I don't know how much help we're supposed to give for these questions here, but here's the general method I would employ if I were solving this:
Get out a piece of paper and draw the situation, labeling distances, times, velocities, and accelerations. If you don't do this, you may find that you don't use consistent labels throughout the problem and everything will get messed up.
Next, draw a table with 3 columns. In the first column, write all values that you know (essentially constants in the scope of this problem). For you, these would be the 1 second of fall (whatever you decided to label that time period), and g=9.8m/s^2 (standard gravity, it gets written in this column for nearly every question). In the second column, you write what you need to find out: h in this instance.

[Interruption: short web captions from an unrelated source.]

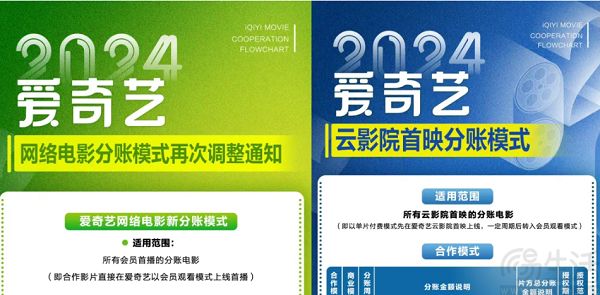 企业微信截图_17268062449620.jpg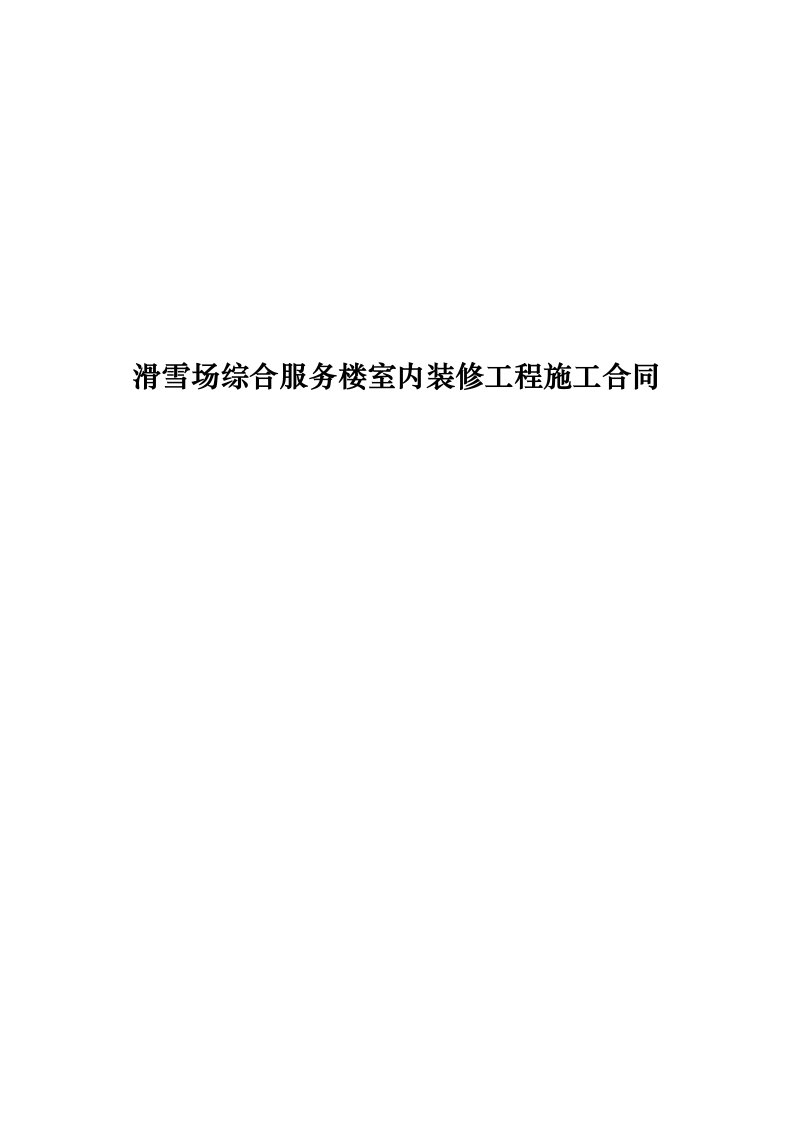 滑雪场综合服务楼室内装修工程施工合同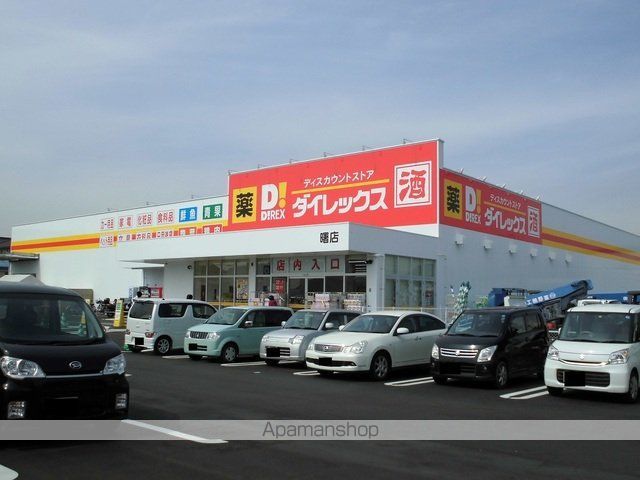その他　ダイレックス曙店（その他）まで850m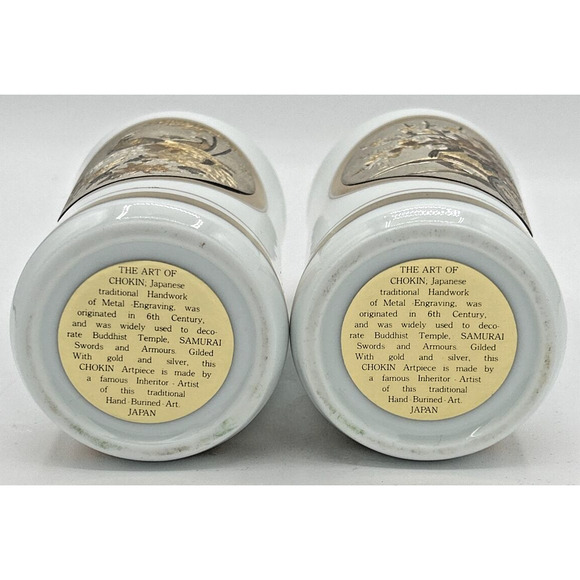 Vintage Set of 2 Japanese Art of Chokin Gold Tone Art Vases Abt 6" Tall SKU U195 - Picture 6 of 6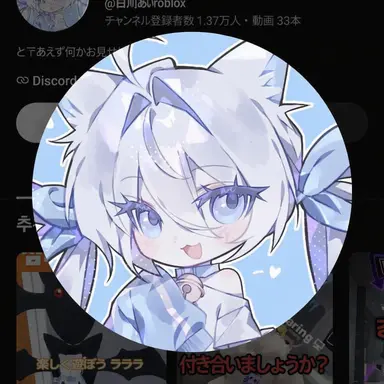 Profile image of カムジャリン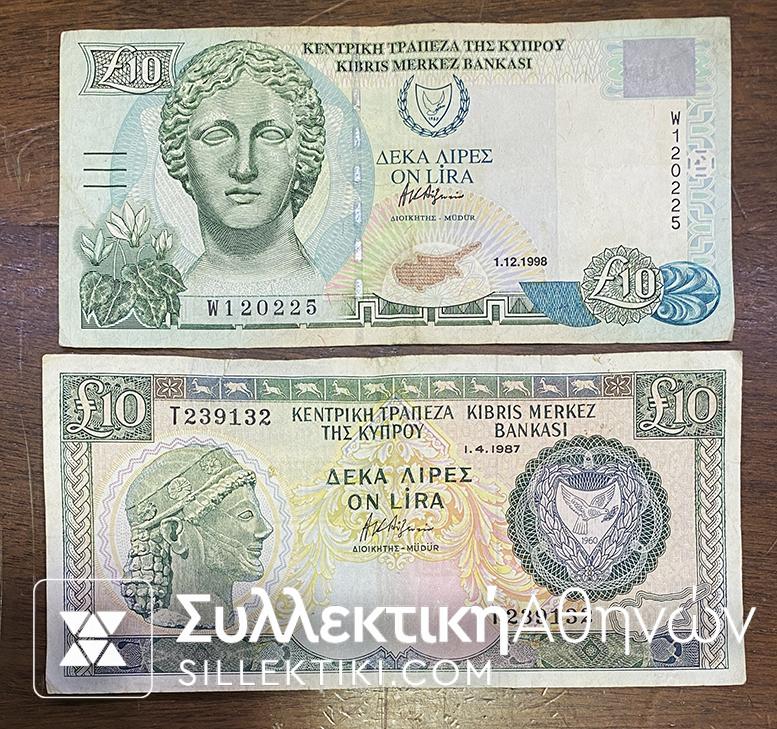 CYPRUS 2 Notes of 10 Lira 1987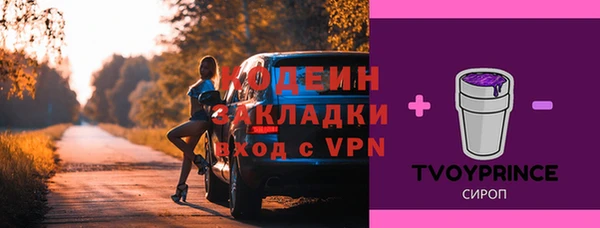 гашишное масло Горнозаводск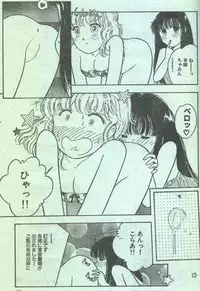 Cotton Comic 1996-06 [Incomplete]
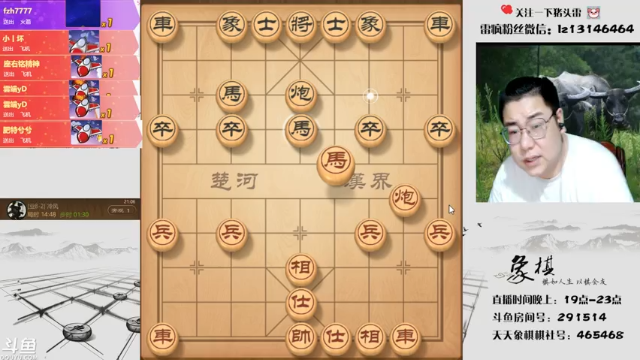 【2021-07-07 21点场】雷疯小叔：体验一个象棋疯子给您带来的快乐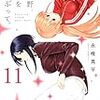 『星野、目をつぶって。(11)』を読んだ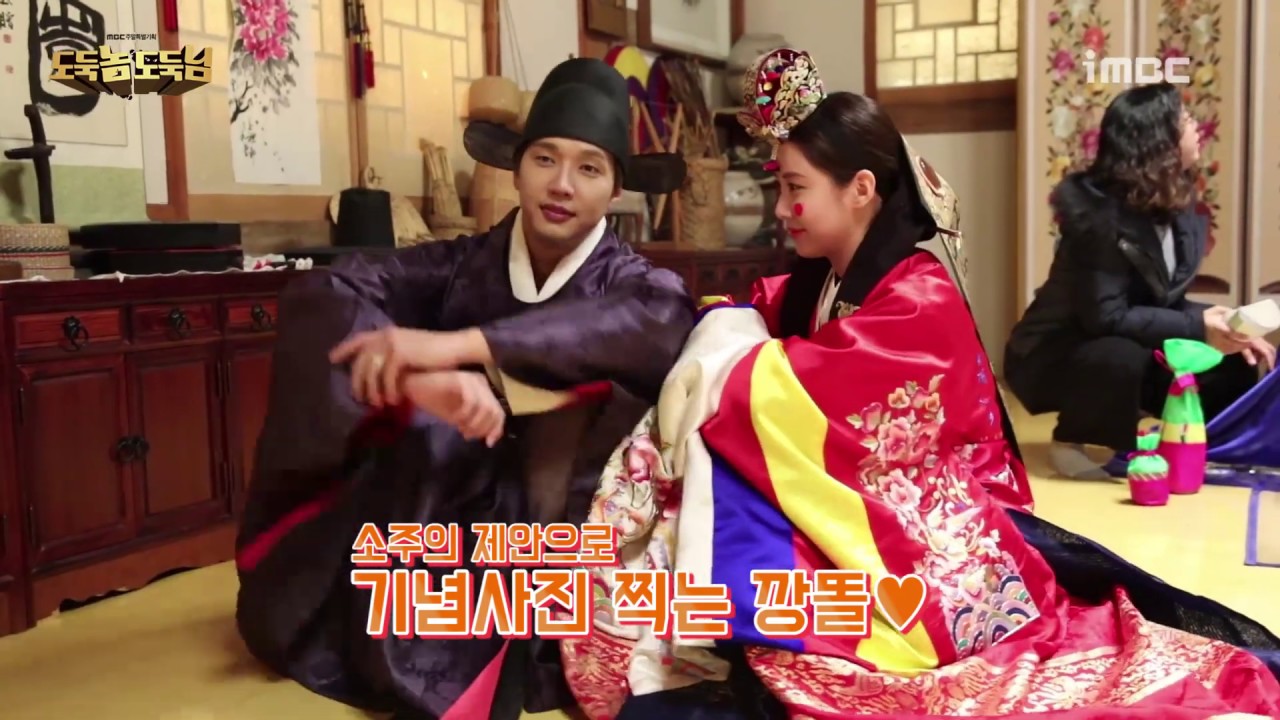 [#도둑놈도둑님]지현우Ji Hyun-woo·서주현Seo Ju-hyeon, 폐백하는 날! #밤_대추_축구단설.avi#TVPP메이킹 Bad Thief Good Thief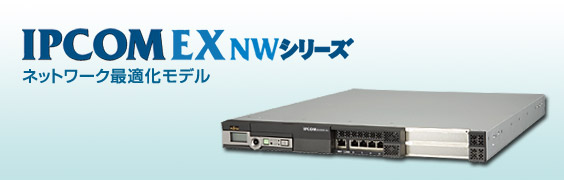 ネットワーク最適化モデル IPCOM EX NWシリーズ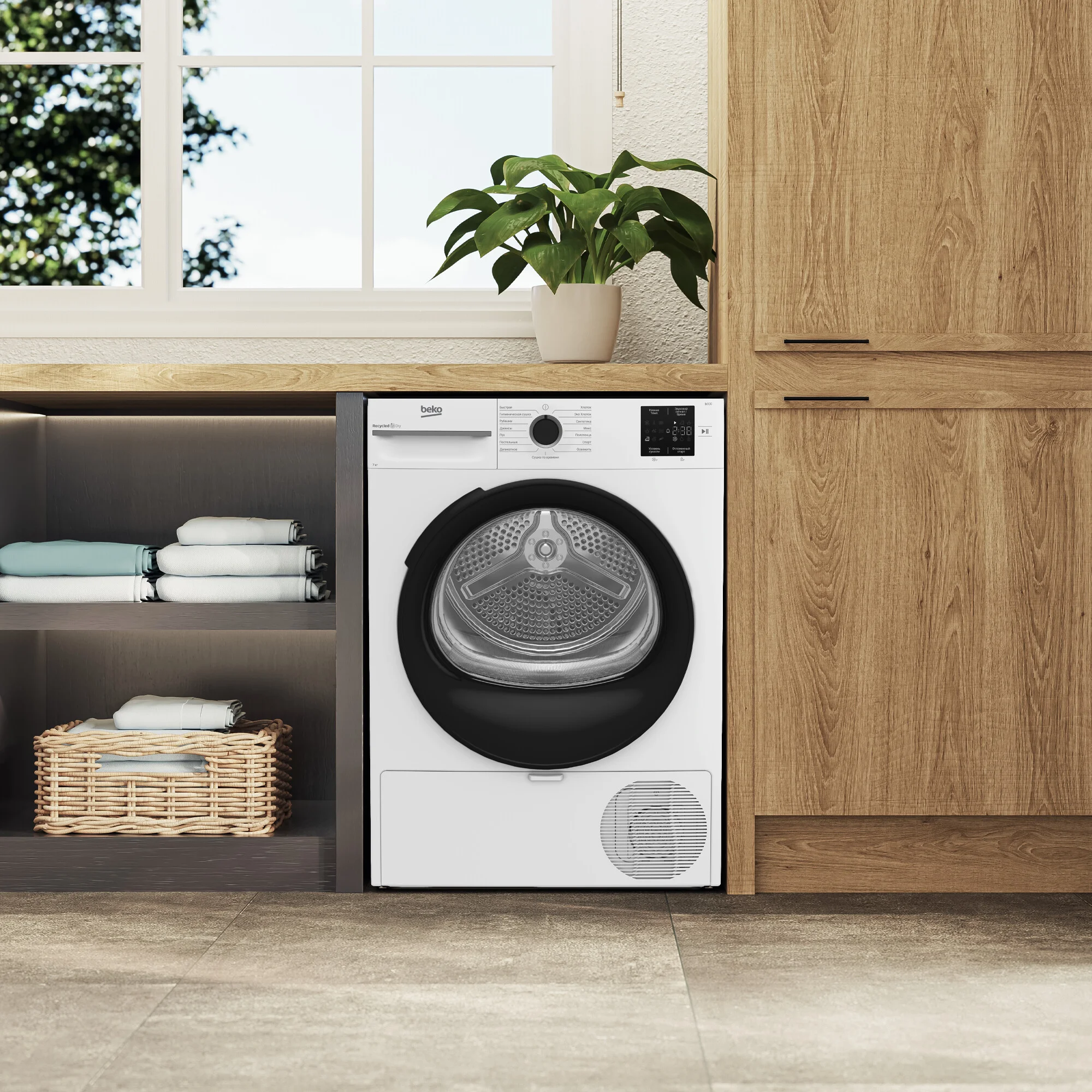 Стирально-сушильная машина Beko B3DFR57H23W 7.5 кг 1200 об/мин 60х49,6х84,4 см Дисплей Инвертор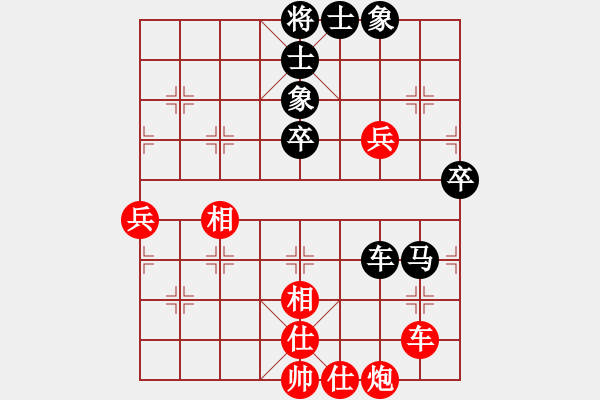 象棋棋譜圖片：1406191927 為你而戰(zhàn)-華為P6 - 步數(shù)：80 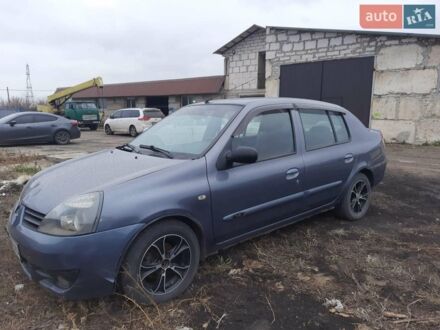 Синий Рено Симбол, объемом двигателя 1.4 л и пробегом 317 тыс. км за 3200 $, фото 1 на Automoto.ua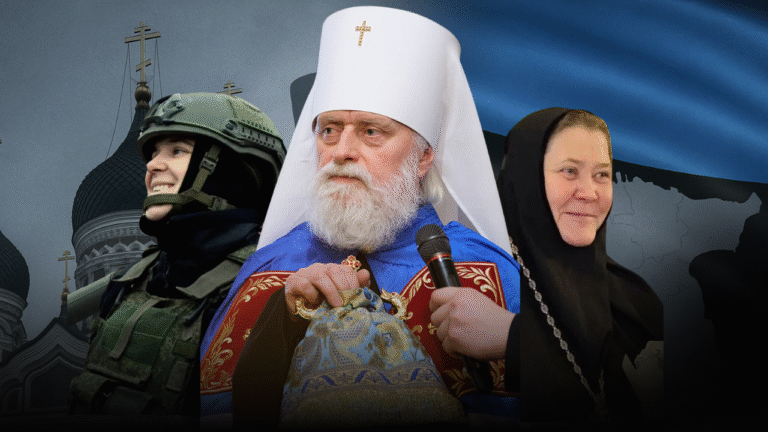 Религия, война и безопасность: реакция Эстонии на пророссийскую активность священнослужителей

For the last column, write every equation that you know that could potentially link these values (the 'what you know' and 'what you want to find'). Basically, these four here:
http://en.wikipedia.org/wiki/Kinematics#Equations_of_uniformly_accelerated_motion
Then, start figuring out which equation you'd like to use and plug in the variables you created. Put enough of it together and most variables should drop out.
Here, you would know h if you knew h/4. You know that the person traveled a distance of h/4 in time=1 second at acceleration=g=9/8m/s^2 at an initial velocity of some variable. You could put all this into an equation and solve for h, but you still have another variable. Use more equations and everything and it will work itself out.